My local garage cuts every corner they can and weren't up for taking the time to make sure the car's stance is right, and I'm not really up for paying main dealer rates for a 10yr old car. Looking for something in between, ie a specialist of some description.

Any ideas? Cardiff/Newport/Bridgend areas.

TIA :thumb:


----------



## Huw (Feb 16, 2007)

http://www.aviaspeedshop.co.uk/ Not used them myself but they are highly recommended on pistonheads.


----------



## sean20 (Jan 17, 2011)

try roadrunner motor parts in chirchvillage my uncle is the manager there, if they cant do it they probely will know somewhere that can


----------



## Edstrung (Apr 6, 2009)

Thanks both, will give Avia a shout first as it's first on the list, failing that I'll give Roadrunner a blast


----------



## Ti22 (Mar 24, 2009)

For fitting or alignment Ed? I can fit it/ adjust it (took me ages to get the coilies on the subaru how I wanted them!), and Orchard motors are the best alignmnet people I know and are just down the road..


----------



## Edstrung (Apr 6, 2009)

Both really, although it's the wheel alignment that is the cream on top.
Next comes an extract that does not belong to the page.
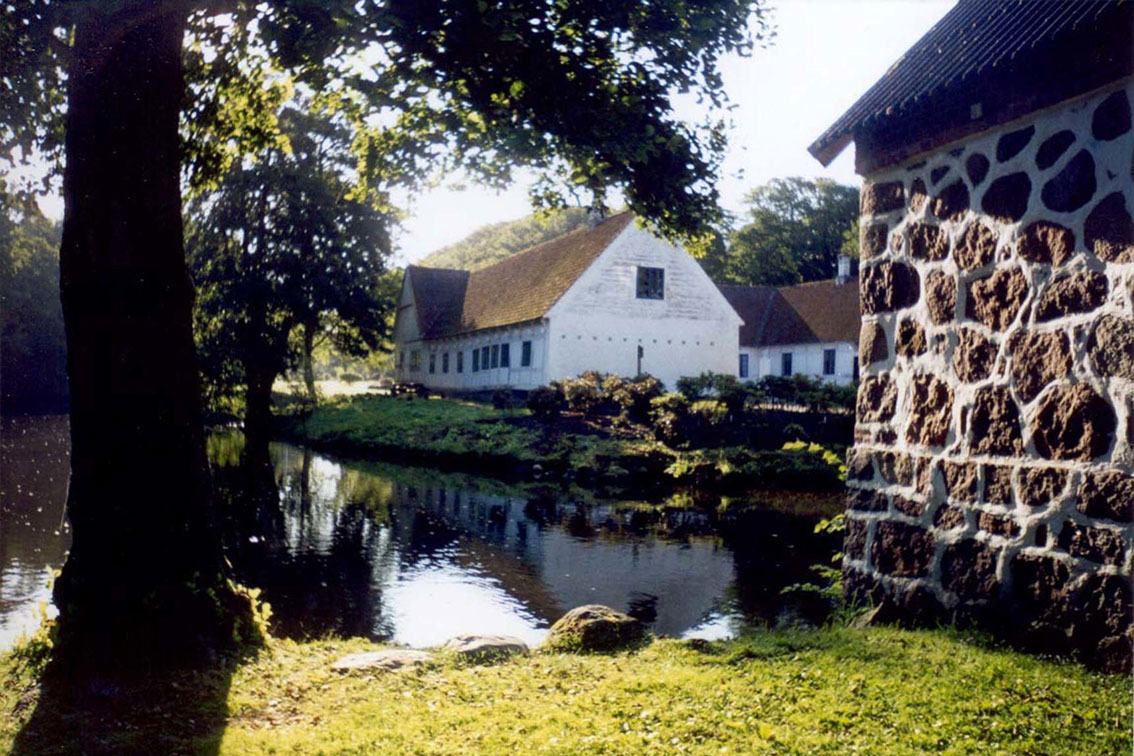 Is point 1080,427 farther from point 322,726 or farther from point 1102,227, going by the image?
point 322,726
I know most garages won't have the time to spend faffing around getting the levels 'just right' and that's before getting to wheel alignment.
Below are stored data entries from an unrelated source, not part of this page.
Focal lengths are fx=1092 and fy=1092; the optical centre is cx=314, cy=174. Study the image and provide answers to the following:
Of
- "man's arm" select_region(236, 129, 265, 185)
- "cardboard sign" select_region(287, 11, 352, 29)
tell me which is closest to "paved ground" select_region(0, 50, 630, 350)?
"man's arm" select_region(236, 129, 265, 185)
Just spoke to Ben over at AmD, the parts will be arriving on Thursday if all goes well, but I won't have time off until Monday, or the week after. While I'm typing this, i may aswell give you a call.....


----------



## Ti22 (Mar 24, 2009)

See you next week bud!


----------



## Edstrung (Apr 6, 2009)

:lol::lol::lol::lol::lol:


Just got home from having the coilies fitted, and big grin  The suspension feels more like my MTB suspension now, always preloaded, reacting fast even on the motorway - which is probably where I have noticed the difference most. The M4 between Newport and Cardiff was quite a flat piece of road until I drove with decent suspension, you could feel all the undulations but you could also feel the suspension working. I also went over a speed bump not too fast as I know it's a harsh one, and the steering wheel almost jumped out of my hand as my timing was off. I was used to the front dipping into the bump, where now the front didn't dip at all, just the suspension pushing it up and over.

Also thanks to James for doing in an informed manner, which has pretty much left the suspension where I wanted it first time with no messing around. Now just to see how it settles and then adjust when I get the wheels aligned if need be 

:driver:


----------